About this task
Return all lines of the listing below that carry the word "strong".

Materials provided
■ ■ ■ ■ ■

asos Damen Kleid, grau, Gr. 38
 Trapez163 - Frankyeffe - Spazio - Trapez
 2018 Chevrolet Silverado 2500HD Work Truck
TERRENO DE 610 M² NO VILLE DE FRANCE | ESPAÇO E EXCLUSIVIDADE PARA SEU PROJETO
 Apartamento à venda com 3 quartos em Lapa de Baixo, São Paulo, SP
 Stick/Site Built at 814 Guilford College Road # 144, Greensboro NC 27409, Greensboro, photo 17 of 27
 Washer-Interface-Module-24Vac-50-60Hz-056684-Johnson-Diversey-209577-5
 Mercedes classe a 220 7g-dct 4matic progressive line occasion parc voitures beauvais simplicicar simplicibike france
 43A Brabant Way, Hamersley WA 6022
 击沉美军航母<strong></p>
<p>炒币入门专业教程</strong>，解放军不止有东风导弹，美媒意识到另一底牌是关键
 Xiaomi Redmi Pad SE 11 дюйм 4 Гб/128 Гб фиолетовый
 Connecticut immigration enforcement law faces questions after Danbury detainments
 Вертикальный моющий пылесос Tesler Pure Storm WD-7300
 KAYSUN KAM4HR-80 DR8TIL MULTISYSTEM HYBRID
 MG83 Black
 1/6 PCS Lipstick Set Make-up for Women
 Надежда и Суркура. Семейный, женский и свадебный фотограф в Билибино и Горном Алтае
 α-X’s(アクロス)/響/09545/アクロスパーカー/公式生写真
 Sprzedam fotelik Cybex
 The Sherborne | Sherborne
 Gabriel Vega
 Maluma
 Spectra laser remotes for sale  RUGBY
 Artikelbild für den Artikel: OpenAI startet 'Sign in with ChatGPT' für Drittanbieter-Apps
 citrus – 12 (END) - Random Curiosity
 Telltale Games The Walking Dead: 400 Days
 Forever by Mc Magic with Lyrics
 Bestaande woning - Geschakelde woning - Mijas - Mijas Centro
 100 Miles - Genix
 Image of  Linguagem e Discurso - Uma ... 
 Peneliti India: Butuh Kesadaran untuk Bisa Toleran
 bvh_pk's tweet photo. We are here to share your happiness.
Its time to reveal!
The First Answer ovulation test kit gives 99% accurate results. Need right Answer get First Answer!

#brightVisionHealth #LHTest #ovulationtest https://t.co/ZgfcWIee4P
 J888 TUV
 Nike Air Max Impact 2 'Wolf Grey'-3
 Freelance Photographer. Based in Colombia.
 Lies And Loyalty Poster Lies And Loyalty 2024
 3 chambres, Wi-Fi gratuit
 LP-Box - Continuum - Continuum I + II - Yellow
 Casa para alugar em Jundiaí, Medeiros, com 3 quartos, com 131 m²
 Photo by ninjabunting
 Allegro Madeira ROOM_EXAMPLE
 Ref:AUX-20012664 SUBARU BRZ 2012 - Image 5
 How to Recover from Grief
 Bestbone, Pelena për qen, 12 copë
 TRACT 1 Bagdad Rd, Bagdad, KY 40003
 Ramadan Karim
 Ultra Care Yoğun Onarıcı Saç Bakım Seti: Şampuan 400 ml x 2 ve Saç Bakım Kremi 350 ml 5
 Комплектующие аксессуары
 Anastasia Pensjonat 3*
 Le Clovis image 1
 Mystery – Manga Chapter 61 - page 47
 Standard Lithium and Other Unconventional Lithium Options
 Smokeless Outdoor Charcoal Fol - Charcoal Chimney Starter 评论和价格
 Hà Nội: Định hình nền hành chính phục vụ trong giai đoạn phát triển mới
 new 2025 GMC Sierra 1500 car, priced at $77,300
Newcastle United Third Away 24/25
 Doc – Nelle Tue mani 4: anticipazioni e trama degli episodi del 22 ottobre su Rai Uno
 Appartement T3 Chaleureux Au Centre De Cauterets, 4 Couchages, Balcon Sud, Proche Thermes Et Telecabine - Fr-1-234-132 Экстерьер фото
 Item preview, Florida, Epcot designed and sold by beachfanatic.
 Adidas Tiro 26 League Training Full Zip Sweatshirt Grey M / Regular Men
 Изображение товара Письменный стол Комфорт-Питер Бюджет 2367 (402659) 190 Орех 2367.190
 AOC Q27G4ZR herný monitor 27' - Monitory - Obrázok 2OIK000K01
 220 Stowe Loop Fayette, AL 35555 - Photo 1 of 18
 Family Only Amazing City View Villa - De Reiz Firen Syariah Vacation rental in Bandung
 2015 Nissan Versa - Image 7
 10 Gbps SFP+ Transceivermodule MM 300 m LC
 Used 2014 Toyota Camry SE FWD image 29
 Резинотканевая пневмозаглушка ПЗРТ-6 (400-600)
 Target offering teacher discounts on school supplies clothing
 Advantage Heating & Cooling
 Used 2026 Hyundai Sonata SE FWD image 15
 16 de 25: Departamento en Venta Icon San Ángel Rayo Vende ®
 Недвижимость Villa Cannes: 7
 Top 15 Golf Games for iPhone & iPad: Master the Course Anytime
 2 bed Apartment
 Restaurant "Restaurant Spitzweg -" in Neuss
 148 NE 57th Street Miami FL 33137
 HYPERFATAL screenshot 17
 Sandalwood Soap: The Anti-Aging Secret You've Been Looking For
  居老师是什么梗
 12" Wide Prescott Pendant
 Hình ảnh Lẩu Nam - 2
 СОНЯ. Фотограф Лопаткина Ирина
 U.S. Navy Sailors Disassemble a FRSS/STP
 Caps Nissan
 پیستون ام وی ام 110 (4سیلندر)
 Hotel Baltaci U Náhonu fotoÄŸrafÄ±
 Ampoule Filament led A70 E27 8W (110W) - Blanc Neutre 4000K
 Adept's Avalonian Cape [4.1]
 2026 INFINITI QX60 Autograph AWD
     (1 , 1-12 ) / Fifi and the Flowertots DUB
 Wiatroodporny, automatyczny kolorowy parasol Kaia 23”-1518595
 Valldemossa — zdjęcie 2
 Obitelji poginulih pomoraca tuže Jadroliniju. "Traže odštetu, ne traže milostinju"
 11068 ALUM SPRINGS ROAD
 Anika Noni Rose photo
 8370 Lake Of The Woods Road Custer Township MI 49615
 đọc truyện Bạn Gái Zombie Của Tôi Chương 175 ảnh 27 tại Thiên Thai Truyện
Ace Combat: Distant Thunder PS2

■ ■ ■ ■ ■

Result
 击沉美军航母<strong></p>
<p>炒币入门专业教程</strong>，解放军不止有东风导弹，美媒意识到另一底牌是关键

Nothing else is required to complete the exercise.